───── Records for the task

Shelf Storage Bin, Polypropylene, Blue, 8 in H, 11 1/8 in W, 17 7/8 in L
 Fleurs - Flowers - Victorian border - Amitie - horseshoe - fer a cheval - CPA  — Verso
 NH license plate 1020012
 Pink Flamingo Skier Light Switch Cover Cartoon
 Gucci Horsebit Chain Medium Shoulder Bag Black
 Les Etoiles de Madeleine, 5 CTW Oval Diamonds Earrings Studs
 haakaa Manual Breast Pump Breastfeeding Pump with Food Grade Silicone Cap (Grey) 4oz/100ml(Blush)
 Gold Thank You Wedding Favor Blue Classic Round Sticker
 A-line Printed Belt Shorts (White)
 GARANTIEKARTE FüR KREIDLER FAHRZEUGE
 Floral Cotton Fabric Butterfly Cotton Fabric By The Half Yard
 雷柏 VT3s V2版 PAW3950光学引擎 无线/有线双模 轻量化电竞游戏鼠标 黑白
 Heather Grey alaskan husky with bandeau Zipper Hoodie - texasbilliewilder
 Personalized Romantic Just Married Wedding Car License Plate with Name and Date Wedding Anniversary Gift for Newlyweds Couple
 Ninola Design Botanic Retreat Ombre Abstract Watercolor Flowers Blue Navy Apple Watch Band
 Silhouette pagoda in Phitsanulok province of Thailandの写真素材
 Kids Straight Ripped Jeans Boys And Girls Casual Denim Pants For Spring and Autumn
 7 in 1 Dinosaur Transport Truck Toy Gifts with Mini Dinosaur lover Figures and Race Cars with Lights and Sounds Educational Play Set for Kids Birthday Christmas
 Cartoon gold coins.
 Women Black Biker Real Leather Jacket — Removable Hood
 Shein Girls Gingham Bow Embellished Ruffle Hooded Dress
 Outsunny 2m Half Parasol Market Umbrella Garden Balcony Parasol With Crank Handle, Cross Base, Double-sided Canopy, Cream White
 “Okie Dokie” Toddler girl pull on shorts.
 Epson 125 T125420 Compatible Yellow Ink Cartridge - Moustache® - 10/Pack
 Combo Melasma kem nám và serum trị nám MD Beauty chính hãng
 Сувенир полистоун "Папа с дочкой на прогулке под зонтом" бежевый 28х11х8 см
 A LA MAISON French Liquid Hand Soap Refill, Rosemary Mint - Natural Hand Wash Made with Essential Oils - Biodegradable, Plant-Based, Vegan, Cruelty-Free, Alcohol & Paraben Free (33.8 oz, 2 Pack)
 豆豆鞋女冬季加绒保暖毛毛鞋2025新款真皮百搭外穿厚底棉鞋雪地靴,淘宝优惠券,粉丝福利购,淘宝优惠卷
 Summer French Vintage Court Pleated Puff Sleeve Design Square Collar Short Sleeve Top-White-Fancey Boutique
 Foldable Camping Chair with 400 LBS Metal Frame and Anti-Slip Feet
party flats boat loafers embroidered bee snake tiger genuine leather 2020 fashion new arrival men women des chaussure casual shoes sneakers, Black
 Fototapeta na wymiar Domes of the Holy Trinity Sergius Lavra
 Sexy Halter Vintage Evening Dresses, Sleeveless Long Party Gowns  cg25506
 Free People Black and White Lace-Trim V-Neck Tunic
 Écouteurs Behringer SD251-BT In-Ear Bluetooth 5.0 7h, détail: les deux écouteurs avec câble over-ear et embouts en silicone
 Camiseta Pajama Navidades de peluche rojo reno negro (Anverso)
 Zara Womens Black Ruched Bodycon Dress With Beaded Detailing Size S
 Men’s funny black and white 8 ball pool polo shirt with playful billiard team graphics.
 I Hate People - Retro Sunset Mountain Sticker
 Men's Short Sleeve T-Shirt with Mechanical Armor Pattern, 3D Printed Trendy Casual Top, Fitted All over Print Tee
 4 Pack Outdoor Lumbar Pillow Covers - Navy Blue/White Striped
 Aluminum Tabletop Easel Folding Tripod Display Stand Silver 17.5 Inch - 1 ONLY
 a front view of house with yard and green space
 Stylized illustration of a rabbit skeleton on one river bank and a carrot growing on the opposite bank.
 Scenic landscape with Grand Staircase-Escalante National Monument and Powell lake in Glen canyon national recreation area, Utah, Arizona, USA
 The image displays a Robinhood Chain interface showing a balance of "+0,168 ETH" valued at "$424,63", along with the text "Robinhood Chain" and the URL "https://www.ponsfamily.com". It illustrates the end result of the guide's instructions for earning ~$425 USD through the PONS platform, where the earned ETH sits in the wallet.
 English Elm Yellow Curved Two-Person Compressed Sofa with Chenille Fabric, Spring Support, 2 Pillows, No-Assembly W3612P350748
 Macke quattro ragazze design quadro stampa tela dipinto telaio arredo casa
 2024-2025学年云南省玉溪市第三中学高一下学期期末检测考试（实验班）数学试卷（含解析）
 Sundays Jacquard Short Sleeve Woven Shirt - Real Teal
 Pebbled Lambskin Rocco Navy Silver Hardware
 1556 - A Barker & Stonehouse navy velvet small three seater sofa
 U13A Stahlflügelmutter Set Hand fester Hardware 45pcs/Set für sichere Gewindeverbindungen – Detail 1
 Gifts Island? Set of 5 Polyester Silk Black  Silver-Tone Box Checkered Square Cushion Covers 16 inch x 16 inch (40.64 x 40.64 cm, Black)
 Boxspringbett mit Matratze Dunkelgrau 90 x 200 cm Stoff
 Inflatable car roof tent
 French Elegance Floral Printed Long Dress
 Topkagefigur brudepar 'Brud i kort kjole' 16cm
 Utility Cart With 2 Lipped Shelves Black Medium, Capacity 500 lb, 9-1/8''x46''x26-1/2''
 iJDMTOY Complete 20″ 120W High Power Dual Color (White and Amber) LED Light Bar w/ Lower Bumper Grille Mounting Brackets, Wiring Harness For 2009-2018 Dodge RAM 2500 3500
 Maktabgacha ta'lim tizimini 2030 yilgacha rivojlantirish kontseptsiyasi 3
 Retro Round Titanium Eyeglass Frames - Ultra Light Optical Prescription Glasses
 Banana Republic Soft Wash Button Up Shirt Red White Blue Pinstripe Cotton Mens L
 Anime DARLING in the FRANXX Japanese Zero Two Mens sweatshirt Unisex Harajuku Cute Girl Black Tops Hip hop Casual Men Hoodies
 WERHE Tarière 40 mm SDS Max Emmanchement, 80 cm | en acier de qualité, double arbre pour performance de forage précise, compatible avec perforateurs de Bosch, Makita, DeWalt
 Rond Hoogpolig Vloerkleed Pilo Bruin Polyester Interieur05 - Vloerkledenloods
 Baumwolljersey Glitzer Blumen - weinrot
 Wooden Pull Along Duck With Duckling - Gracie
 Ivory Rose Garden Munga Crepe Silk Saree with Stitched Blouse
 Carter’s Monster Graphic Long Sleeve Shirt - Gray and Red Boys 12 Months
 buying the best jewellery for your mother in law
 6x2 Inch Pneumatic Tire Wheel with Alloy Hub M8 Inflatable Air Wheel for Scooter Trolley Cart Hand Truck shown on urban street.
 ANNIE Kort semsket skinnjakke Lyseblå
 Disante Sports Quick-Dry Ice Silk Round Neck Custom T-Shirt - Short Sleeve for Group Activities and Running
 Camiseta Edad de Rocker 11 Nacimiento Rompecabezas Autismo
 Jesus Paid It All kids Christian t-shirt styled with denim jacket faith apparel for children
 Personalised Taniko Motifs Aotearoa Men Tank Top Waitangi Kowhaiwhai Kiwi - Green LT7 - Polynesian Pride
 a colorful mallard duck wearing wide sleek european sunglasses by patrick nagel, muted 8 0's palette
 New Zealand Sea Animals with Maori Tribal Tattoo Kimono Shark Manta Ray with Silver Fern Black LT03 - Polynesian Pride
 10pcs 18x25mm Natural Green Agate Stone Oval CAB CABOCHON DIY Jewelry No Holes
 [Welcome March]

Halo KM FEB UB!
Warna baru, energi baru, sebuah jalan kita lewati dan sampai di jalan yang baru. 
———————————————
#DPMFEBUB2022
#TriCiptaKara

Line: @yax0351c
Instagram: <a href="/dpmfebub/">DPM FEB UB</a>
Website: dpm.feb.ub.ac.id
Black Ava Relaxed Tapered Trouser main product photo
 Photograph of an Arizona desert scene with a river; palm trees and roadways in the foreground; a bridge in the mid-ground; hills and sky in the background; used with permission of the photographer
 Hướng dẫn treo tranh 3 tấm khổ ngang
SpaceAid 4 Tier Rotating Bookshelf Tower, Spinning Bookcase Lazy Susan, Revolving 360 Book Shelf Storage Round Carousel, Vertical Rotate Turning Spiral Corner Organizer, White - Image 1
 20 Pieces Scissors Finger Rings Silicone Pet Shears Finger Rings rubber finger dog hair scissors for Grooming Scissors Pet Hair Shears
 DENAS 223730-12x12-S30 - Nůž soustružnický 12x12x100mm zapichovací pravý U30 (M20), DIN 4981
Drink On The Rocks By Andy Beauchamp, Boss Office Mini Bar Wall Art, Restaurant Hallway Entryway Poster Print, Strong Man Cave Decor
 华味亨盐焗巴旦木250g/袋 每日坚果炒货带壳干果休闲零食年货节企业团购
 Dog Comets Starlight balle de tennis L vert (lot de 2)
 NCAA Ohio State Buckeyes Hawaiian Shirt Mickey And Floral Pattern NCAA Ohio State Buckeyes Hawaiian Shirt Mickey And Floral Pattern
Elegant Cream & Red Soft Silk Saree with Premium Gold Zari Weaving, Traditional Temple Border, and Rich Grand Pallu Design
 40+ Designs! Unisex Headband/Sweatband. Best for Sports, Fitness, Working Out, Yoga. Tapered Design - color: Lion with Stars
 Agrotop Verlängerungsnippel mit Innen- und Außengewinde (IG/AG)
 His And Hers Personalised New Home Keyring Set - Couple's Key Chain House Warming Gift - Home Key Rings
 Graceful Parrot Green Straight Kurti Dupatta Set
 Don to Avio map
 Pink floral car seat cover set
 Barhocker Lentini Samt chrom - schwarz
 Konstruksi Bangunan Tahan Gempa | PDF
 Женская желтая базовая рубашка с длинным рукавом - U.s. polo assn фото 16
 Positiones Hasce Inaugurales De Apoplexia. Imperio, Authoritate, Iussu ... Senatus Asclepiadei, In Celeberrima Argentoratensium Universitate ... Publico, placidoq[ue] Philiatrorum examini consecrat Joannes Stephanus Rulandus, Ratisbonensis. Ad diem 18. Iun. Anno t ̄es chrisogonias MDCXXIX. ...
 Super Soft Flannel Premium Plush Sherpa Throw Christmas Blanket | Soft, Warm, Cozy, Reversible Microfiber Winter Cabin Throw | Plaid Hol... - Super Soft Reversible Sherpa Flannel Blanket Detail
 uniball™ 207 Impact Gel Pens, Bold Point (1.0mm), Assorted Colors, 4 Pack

──────────

» Assigned task:
Starting at the line above that contains "10pcs 18x25mm Natural", write out each line exactly until the line that contains "Black Ava Relaxed" has been written, and stop there.

» Reply to the exercise:
 10pcs 18x25mm Natural Green Agate Stone Oval CAB CABOCHON DIY Jewelry No Holes
 [Welcome March]

Halo KM FEB UB!
Warna baru, energi baru, sebuah jalan kita lewati dan sampai di jalan yang baru. 
———————————————
#DPMFEBUB2022
#TriCiptaKara

Line: @yax0351c
Instagram: <a href="/dpmfebub/">DPM FEB UB</a>
Website: dpm.feb.ub.ac.id
Black Ava Relaxed Tapered Trouser main product photo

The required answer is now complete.